(Brief descriptive captions)
▶
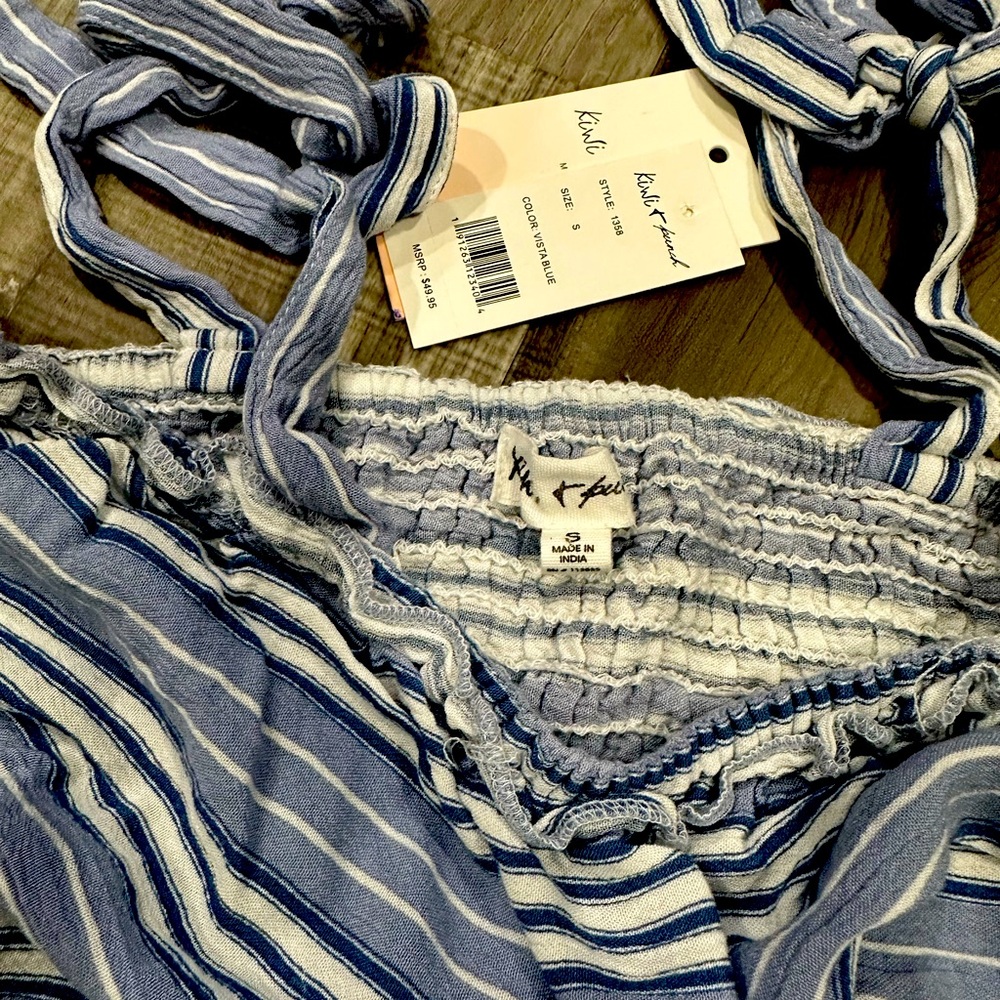 Crop top - Picture 3 of 3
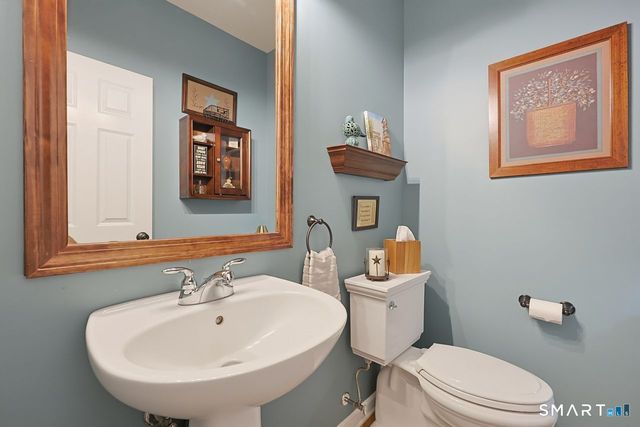 34 Foxglove Circle, Haddam, CT 06441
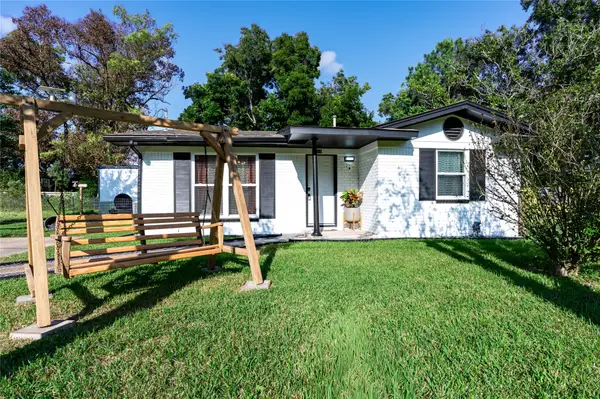 7018 Oleander Drive, Hitchcock, TX 77563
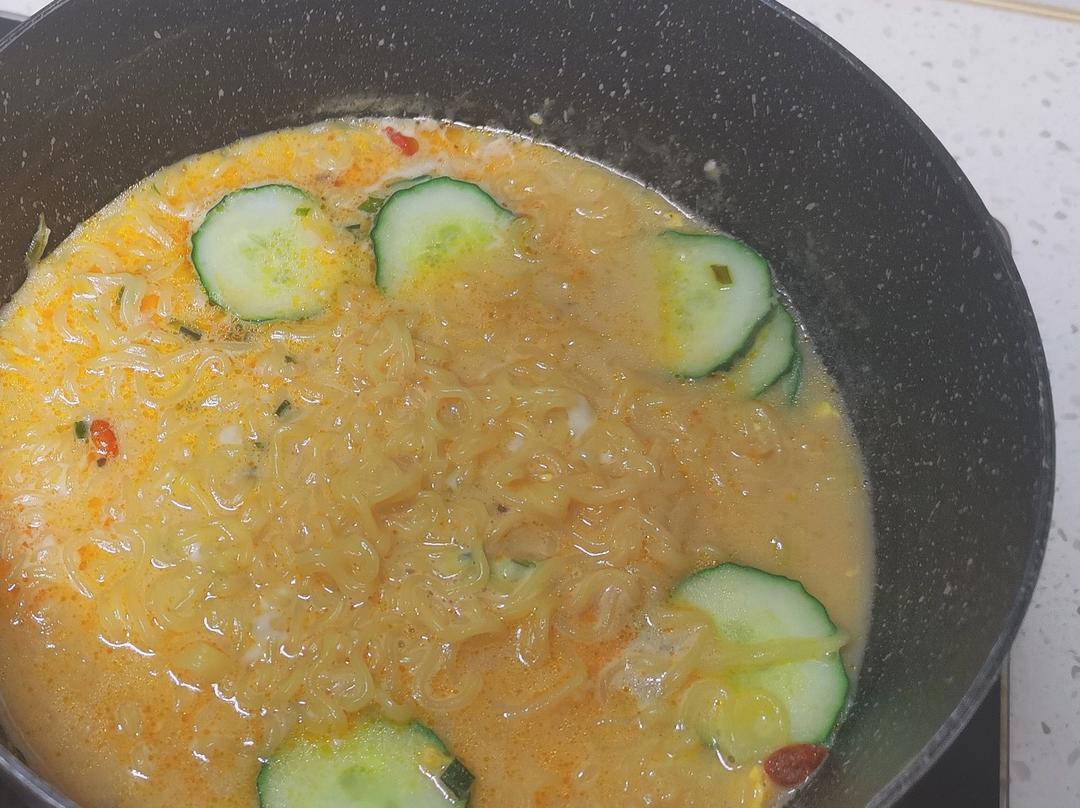 满足食欲的深夜秘密 森系浓香泡面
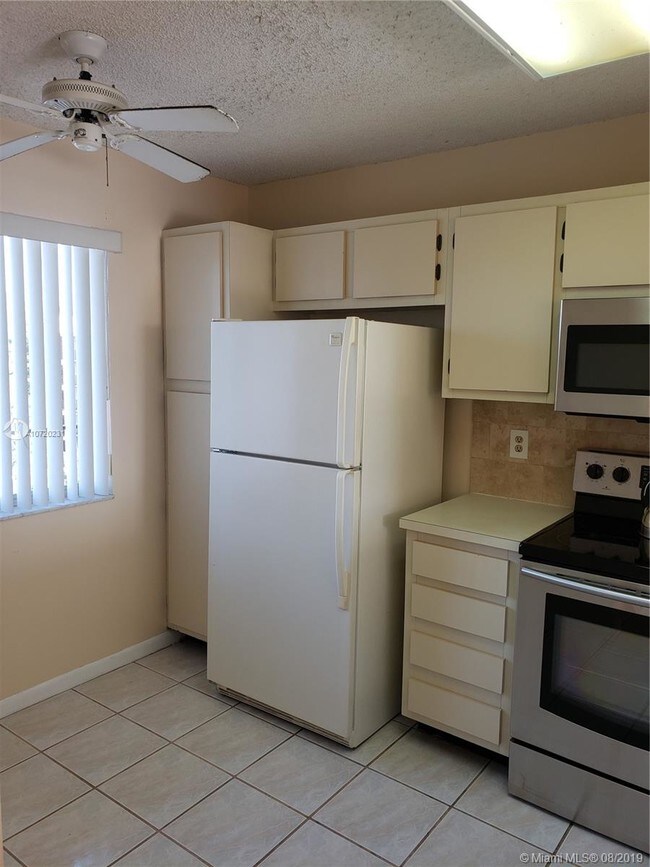 Foto del edificio - 7760 NW 50th St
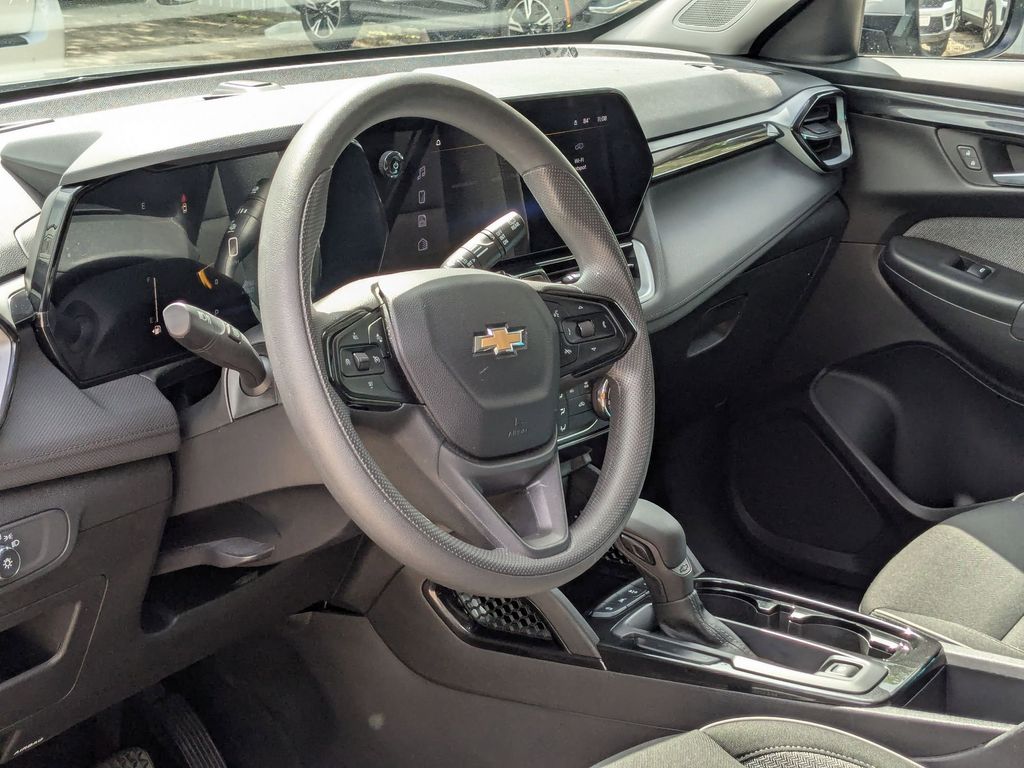 Thumbnail: 2025 Chevrolet TrailBlazer - 11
◀
**EXERCISE**
Starting at the line that contains "7018 Oleander Drive, Hitchcock, TX 77563", write out every line through the end of the entries above exactly, and omit the pictures.

**EXERCISE ANSWER**
 7018 Oleander Drive, Hitchcock, TX 77563
 满足食欲的深夜秘密 森系浓香泡面
 Foto del edificio - 7760 NW 50th St
 Thumbnail: 2025 Chevrolet TrailBlazer - 11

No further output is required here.